» EXERCISE AIM
Through the line that contains "Sunny / Open Family Room", return the data below exactly, starting at its first line; leave the rest out.

» INPUT FOR THIS TASK
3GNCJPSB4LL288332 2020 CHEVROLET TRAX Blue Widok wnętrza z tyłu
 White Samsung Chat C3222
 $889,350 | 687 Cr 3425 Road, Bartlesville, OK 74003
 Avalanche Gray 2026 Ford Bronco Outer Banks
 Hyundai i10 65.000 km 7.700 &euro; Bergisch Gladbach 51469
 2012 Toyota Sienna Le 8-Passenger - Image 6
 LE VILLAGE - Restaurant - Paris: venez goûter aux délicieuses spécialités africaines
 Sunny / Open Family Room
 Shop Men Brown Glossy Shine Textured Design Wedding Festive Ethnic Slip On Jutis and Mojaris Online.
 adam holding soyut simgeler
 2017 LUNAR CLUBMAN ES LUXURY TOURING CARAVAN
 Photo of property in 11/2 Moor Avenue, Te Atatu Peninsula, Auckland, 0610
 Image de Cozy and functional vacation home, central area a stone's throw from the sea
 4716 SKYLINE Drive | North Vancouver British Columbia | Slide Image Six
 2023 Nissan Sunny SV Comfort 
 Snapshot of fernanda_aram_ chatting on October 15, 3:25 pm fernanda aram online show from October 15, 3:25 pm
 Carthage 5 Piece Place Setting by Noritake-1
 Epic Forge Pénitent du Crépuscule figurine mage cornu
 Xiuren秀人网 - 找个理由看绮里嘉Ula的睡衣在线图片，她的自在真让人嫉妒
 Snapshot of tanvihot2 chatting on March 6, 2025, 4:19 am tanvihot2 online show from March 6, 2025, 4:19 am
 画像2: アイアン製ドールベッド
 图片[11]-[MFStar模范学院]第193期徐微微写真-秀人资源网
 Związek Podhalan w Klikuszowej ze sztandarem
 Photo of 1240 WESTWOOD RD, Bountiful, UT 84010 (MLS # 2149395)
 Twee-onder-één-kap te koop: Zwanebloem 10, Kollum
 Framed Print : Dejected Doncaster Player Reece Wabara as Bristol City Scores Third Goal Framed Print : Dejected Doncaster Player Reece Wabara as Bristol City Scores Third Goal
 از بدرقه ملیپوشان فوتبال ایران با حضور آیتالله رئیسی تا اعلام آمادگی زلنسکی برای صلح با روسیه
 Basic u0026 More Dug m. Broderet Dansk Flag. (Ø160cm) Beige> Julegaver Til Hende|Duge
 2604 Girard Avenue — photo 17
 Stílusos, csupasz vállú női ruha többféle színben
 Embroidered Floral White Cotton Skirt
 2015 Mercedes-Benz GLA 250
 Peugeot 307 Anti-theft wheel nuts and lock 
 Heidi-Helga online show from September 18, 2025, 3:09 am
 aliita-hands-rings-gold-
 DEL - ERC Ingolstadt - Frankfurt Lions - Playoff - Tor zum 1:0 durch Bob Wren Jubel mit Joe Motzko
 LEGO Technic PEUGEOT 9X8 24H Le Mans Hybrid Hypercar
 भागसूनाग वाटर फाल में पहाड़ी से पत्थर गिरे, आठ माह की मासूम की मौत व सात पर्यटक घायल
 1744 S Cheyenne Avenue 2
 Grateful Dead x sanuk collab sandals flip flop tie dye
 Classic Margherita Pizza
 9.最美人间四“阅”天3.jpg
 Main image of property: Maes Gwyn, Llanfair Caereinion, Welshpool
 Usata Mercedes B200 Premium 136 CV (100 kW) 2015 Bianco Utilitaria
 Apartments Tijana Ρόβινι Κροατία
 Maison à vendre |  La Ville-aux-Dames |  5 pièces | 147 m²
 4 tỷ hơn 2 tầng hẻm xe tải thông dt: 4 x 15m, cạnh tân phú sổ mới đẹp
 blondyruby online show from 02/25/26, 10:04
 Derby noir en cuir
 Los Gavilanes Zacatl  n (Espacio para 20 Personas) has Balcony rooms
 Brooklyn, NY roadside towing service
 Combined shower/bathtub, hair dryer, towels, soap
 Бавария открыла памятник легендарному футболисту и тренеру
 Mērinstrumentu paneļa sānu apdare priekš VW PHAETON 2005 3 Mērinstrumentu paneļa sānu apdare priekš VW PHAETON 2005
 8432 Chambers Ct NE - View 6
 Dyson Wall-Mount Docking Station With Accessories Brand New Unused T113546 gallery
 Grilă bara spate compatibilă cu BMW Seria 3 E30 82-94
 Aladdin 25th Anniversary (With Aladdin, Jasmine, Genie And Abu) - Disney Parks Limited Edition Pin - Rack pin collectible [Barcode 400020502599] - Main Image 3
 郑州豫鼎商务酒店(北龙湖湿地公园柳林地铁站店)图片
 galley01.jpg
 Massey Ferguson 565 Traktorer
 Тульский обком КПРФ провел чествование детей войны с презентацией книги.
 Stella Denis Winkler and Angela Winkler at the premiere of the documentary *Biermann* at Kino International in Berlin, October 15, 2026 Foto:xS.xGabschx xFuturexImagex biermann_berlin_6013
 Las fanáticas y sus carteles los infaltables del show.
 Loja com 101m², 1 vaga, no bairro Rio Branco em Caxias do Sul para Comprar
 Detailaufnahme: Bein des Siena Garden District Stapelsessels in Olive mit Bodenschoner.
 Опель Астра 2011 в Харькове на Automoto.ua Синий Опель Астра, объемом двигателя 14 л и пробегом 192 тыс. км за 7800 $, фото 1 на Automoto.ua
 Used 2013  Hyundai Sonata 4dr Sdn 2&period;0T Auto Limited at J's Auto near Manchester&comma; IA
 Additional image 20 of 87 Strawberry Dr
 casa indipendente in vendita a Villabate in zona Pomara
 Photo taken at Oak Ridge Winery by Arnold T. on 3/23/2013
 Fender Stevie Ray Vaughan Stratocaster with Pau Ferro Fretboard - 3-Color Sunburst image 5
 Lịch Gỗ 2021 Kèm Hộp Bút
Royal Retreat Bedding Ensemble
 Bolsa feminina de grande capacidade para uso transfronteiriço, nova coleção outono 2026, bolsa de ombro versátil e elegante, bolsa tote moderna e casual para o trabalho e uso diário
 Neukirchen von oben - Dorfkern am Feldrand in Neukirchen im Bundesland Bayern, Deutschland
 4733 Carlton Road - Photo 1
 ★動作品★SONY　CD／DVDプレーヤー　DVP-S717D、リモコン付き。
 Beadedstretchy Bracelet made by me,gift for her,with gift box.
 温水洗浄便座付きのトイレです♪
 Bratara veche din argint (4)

» THE ANSWER
3GNCJPSB4LL288332 2020 CHEVROLET TRAX Blue Widok wnętrza z tyłu
 White Samsung Chat C3222
 $889,350 | 687 Cr 3425 Road, Bartlesville, OK 74003
 Avalanche Gray 2026 Ford Bronco Outer Banks
 Hyundai i10 65.000 km 7.700 &euro; Bergisch Gladbach 51469
 2012 Toyota Sienna Le 8-Passenger - Image 6
 LE VILLAGE - Restaurant - Paris: venez goûter aux délicieuses spécialités africaines
 Sunny / Open Family Room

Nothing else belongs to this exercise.